En otras palabras, los productos que provengan de la isla de Gran Bretaña con destino a Irlanda del Norte pasarán controles aduaneros a su entrada en el territorio, aun siendo esta región parte del Reino Unido. 

Si se considera que hay riesgo de que puedan acabar en la República de Irlanda y, por lo tanto, entrar en territorio europeo, se habrá de pagar la tarifa correspondiente. Un comité conjunto decidirá qué productos se consideran en riesgo. 

En cualquier caso, el propio Protocolo prevé un mecanismo por el cual, transcurridos 4 años desde el fin del período transitorio post-Brexit (es decir, a partir del 1 de enero de 2021), la Asamblea de Irlanda de Norte podrá decidir si desea continuar con el nuevo status quo o si prefiere ponerle fin, lo que llevaría, de nuevo, a negociaciones entre el Reino Unido y la Unión para proponer un nuevo régimen fronterizo.

Fuente: BBC News (21 de julio de 2021) Brexit: What’s the Northern Ireland Protocol?
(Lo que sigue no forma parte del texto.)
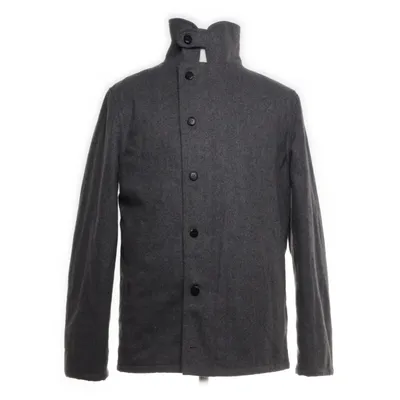 Jacka (Grå) från Brixton Polyester, Ull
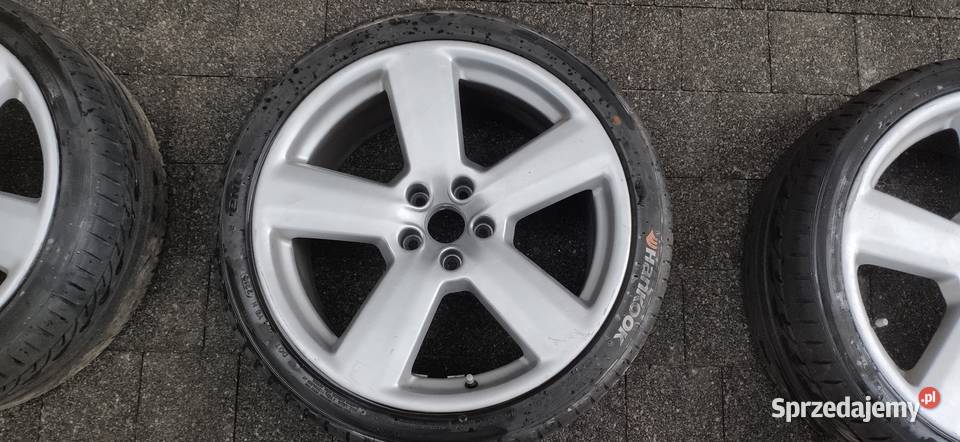Koła felgi Audi RS6 C5 9Jx19H2 ET35 Opony Białystok sprzedam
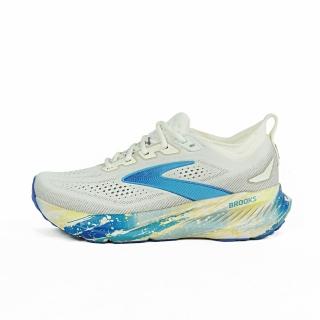 【BROOKS】Glycerin 23 男 慢跑鞋 甘油系列 路跑 灰 藍(1104761D150)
Brexit: What’s the Northern Ireland Protocol? – BBC News

Mientras que los nacionalistas están satisfechos con esta solución, los leales creen que el acuerdo les aleja del resto del Reino Unido y los acerca más a Irlanda, y que sus intereses no han sido tenidos en cuenta en la negociación. 

El rechazo al Protocolo entre las fuerzas leales ha sido unánime, tanto por parte de los principales partidos como el DUP y el UUP, como por parte del LCC o Consejo de Comunidades Leales, nombre bajo el que se reúnen distintas agrupaciones y comunidades protestantes, incluidos algunos grupos paramilitares de esta tendencia, que en marzo de 2021 retiró su apoyo al Acuerdo del Viernes Santo en respuesta a la adopción del texto. 

Este descontento también se ha dejado sentir en la calle. Entre el 29 de marzo y el 9 de abril de 2021 hubo disturbios en distintas localidades del Ulster, entre ellas Belfast, en las que bandas de jóvenes de zonas leales provocaron altercados y se enfrentaron con la Policía de Irlanda del Norte.

Aún no está todo dicho

El Brexit ha supuesto un escollo más en el complicado tablero político irlandés. Si bien es cierto que la Asamblea de Irlanda del Norte puede decidir transcurridos 4 años si quiere rechazar el Protocolo, antes de que se llegue a ese momento este debe implementarse, y partidos como el unionista DUP ya han dicho que no están por la labor de soportar unas medidas a las que se oponen. 

El propio Gobierno británico ya ha declarado su intención de acabar con el Protocolo en su forma actual y ha publicado un documento donde propone algunos cambios para facilitar la circulación de bienes entre Gran Bretaña e Irlanda del Norte. Sin embargo, la Unión Europea no parece estar muy decidida a cambiar los términos del acuerdo. 

Habrá que estar atentos al desarrollo de los acontecimientos en este rincón de Europa puesto que su desenlace tendrá, seguramente, consecuencias en las relaciones de la Unión Europea con el Reino Unido y, por lo tanto, repercusiones para todos los ciudadanos de la Unión, también en España.